Il y a plus de cinquante ans, l’Abbé Pierre lançait son désormais célèbre appel: » Mes amis, au secours…
Une femme vient de mourir gelée, cette nuit à trois heures, sur le trottoir du boulevard Sébastopol, serrant sur elle le papier par lequel, avant hier, on l’avait expulsée… Chaque nuit, ils sont plus de 2000 recroquevillés sous le gel, sans toit, sans pain, plus d’un presque nu. Devant l’horreur, les cités d’urgence, ce n’est même plus assez urgent ! »
En décembre 2006. Le candidat Sarkozy déclarait : « Si je suis élu, je veux que d’ici deux ans, plus personne ne soit obligé de dormir sur le trottoir ». Nous sommes quasiment à la fin de son mandat avec un bilan effrayant en ces températures qui baissent : 3,6 millions de mal logés, 1,2 million personnes en attente d’un HLM et 100 000 SDF. Voilà la dure réalité française. Alors, quand frigorifiés, les français croisent un sans abri dans la rue, un français sur deux dit avoir peur de devenir SDF.
A qui la faute?
Alors comment en est-on arrivé là ? Tout d’abord, il y a l’envolée des prix de l’immobilier : +120% depuis 2000. Malheureusement, on est loin d’avoir suivi la même tendance côté salaires… Du coup, au moindre incident de parcours -divorce, licenciement, maladie, tout part en vrille, sachant qu’aujourd’hui 25% à 50% du budget d’un ménage part dans le logement.
Pourtant depuis 2007, le gouvernement a mis en place de nombreux dispositifs pour éviter d’en arriver à des situations catastrophiques. Le plus emblématique peut-être est le fameux droit au logement opposable, dit « Dalo ». Une excellente mesure en l’état qui permet depuis 2008, à tout citoyen mal-logé de se retourner contre l’Etat. Grâce à cette mesure, 19 000 personnes ont ainsi pu être relogées. Mais dans les faits, le Dalo c’est avant tout un parcours du combattant : 6 mois pour passer en commission plus 6 mois avant d’avoir les clés de son nouvel appartement. Difficile d’être aussi patient quand on est à la rue… 27 500 ménages attendent toujours pour faire valoir leur droit au logement opposable. Une situation insupportable d’où, le Comité de suivi de la mise en œuvre de la loi sur le Dalo qui a remis le 30 novembre dernier un dernier rapport : « Monsieur le Président de la République, nous vous le demandons avec insistance : faisons enfin appliquer la loi Dalo et faisons en sorte que l’Etat cesse de se comporter en hors la loi ».
Des mesures sans effet
Autre mirage, « la maison à 100 000€ » de Jean-Louis Borloo, un fiasco.

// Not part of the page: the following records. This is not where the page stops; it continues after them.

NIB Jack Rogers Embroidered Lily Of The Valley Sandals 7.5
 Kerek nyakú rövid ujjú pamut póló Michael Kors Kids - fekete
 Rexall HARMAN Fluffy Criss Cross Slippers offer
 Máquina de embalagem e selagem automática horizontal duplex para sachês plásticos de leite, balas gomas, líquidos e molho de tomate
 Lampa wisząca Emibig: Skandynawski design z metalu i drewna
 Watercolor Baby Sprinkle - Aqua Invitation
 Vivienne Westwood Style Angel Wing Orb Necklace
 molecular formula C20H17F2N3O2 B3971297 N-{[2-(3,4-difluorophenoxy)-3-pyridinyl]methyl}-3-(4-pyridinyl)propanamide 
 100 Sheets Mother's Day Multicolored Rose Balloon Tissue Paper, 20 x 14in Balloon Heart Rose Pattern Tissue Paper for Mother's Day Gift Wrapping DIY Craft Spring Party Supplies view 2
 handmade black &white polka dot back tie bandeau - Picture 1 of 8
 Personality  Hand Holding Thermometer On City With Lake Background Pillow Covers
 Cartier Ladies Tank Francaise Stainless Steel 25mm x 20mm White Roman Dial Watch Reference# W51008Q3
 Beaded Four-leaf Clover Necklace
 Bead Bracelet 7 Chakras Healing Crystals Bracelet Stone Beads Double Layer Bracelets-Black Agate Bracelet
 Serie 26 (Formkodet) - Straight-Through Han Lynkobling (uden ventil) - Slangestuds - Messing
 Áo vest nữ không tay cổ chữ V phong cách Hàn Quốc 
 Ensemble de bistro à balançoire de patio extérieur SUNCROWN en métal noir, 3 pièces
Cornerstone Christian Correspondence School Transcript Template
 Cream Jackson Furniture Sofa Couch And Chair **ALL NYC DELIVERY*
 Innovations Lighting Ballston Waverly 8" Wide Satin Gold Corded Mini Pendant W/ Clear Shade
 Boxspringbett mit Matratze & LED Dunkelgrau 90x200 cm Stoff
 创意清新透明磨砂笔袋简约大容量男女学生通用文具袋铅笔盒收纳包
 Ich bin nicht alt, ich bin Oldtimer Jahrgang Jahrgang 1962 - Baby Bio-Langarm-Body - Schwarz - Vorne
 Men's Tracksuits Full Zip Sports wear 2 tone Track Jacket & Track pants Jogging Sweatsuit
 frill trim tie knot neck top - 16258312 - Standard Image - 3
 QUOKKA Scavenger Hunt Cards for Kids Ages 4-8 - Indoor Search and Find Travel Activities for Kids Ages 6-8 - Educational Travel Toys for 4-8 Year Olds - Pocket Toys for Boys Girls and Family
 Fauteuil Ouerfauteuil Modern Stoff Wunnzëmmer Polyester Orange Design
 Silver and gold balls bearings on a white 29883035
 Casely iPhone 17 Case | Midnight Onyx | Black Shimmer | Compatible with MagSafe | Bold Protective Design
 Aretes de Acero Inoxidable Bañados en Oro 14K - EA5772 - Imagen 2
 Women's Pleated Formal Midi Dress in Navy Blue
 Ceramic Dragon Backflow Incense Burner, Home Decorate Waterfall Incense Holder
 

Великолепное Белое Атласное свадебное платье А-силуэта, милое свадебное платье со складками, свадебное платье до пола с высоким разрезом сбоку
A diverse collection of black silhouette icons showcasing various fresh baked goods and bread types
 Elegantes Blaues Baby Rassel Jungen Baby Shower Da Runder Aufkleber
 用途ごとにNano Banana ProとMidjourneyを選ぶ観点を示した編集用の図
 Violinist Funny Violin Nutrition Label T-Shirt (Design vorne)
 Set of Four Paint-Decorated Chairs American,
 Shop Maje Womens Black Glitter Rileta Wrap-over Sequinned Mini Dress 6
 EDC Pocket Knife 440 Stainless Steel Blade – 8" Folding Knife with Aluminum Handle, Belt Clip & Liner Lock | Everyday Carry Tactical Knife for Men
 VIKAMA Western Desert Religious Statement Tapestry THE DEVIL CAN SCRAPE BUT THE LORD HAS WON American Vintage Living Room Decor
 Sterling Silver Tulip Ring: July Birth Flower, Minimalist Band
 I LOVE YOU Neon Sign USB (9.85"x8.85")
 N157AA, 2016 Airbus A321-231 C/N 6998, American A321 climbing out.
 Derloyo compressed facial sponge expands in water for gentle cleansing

Ou encore la niche fiscale « Scellier » qui permet aux propriétaires de déduire de leurs impôts des investissements immobiliers s’ils s’engagent à louer pendant neuf ans. Un dispositif tellement inefficace et injuste, que sa suppression fin 2012 vient d’être votée par le Sénat. « Parole, parole…», chantait Dalida. Pour les associations de défense du droit au logement, le gouvernement manque cruellement de motivation pour transformer ces bonnes intentions en mesures pérennes.
Christophe Robert, Délégué Général adjoint de la Fondation Abbé Pierre rappelle qu’il existe aujourd’hui plus de 2 millions de logements vacants, dont certains appartenant à l’Etat, « sans compter les hôpitaux ou les préfectures désaffectés et vides ». Aujourd’hui, il manque au moins 800 000 logements pour que tout le monde ait un toit. « Le problème c’est que le logement n’est pas considéré comme un objectif politique en tant que tel, poursuit Christophe Robert. D’ailleurs je remarque que c’est un sujet très peu discuté dans le détail par les candidats à la présidentielle. Car oui, pour mener une politique logement digne de ce nom, il faut du temps, et un quinquennat c’est 5 ans… ». En attendant, cette année, la trêve hivernale s’est accompagnée d’un triste record avec 14 000 expulsions à Paris. Et si c’est souvent en hiver qu’on se rappelle que les SDF existent, le collectif « Les Morts de la rue » rappelle que c’est la rue tout court qui tue. Meurtre, suicide, infections, sous-nutrition, usure physiologique…autant de maux qui n’attendent pas la chute des températures pour se manifester. Christophe Louis, président du collectif, précise : « En dix ans, nous avons appris le décès de plus de 3000 personnes de la rue. Et encore, nous ne sommes pas au courant de toutes les morts… ».
Soyons surs en tous cas, que le Président Sarkozy aura, dans les jours de grands froids qui viennent, toute l’attention tournée vers lui et que chaque SDF mort lui coûtera très cher dans la campagne, même s’il ne s’est pas encore déclaré.